● **Problem statement**
In the listing below, locate the line containing "Nike Total 90 III 黑色白色草地足球鞋" and copy it and every line after it through the end, exactly as written, leaving out any pictures.

╭─ Data to examine

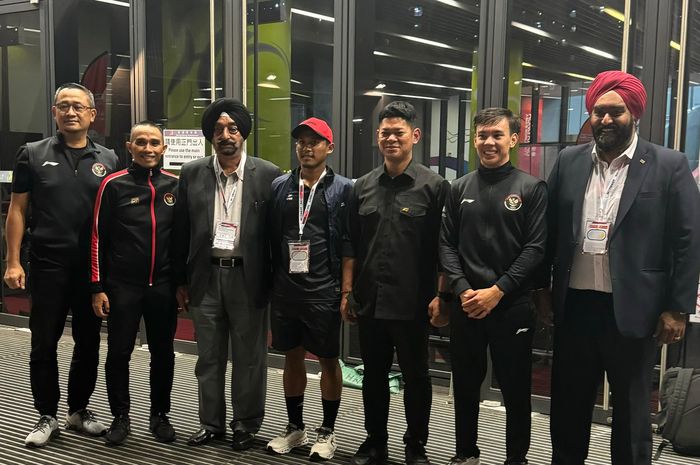 Ketua Umum NOC Indonesia, Raja Sapta Oktohari, berpose dengan tim balap sepeda Indonesia di sela UCI Track Nations Cup 2024 Hongkong, Minggu (17/3/2024).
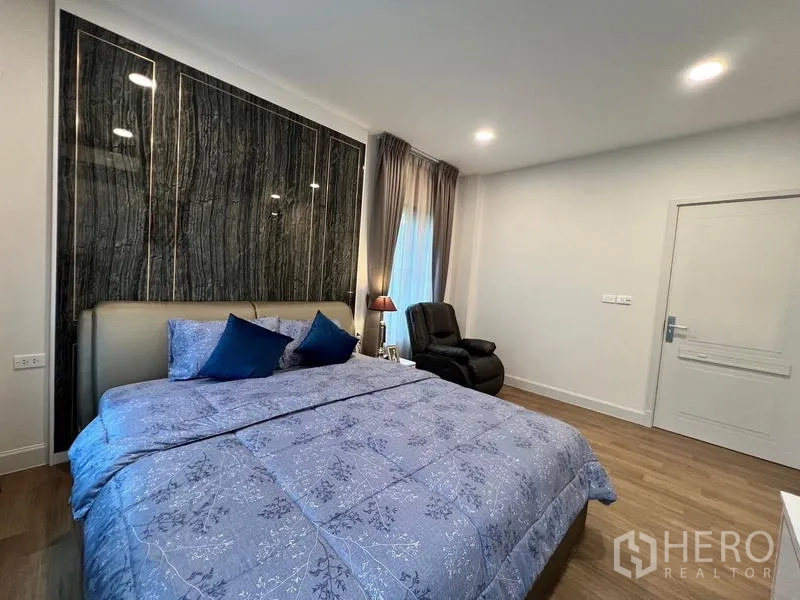 บ้าน ให้เช่าหรือขายในSaphan Sung, Bangkok - มุมมองห้องนอนอีกด้าน โชว์ผนังไฮไลท์ เตียง และประตู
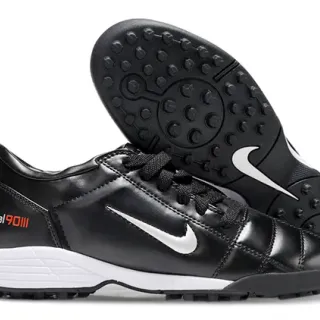 Nike Total 90 III 黑色白色草地足球鞋
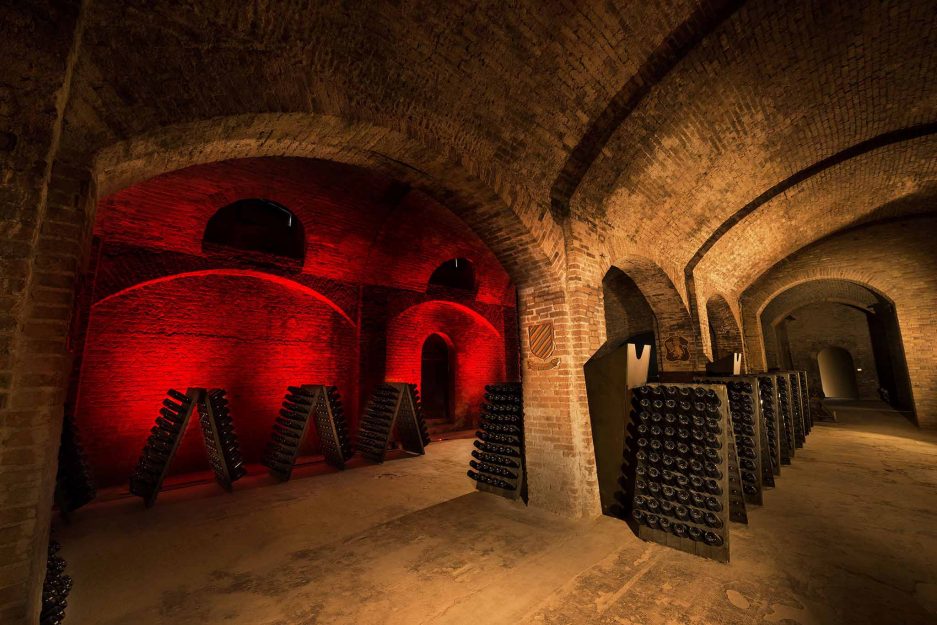 Wine week end nel Monferrato: cattedrali sotterranee Unesco, Canelli, Big Bench e sapori gourmet 2 Mete Spirituali Cattedrali Sotterranee sons et lumières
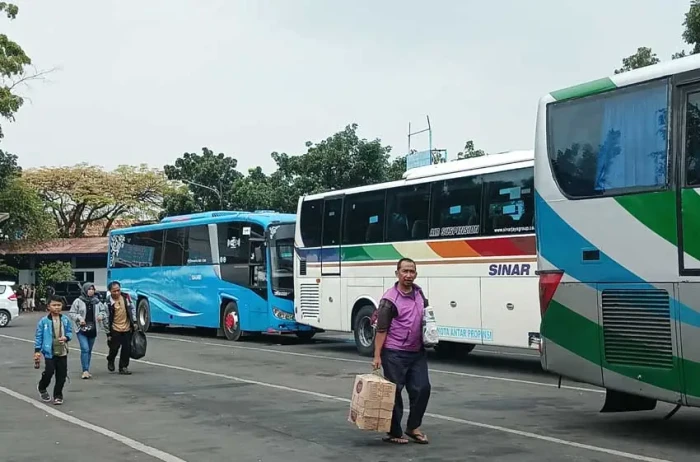 H-5 Lebaran, Terminal...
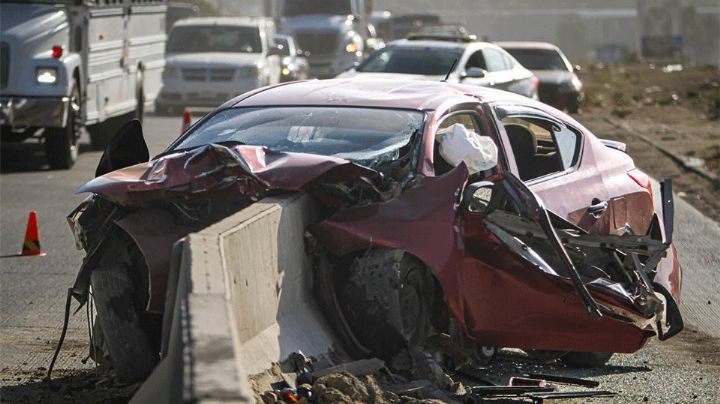 Tijuana: Un joven pierde la vida tras chocar y quedar prensado en el bulevar 2000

╰─

● **Result of the task**
 Nike Total 90 III 黑色白色草地足球鞋
 Wine week end nel Monferrato: cattedrali sotterranee Unesco, Canelli, Big Bench e sapori gourmet 2 Mete Spirituali Cattedrali Sotterranee sons et lumières
 H-5 Lebaran, Terminal...
 Tijuana: Un joven pierde la vida tras chocar y quedar prensado en el bulevar 2000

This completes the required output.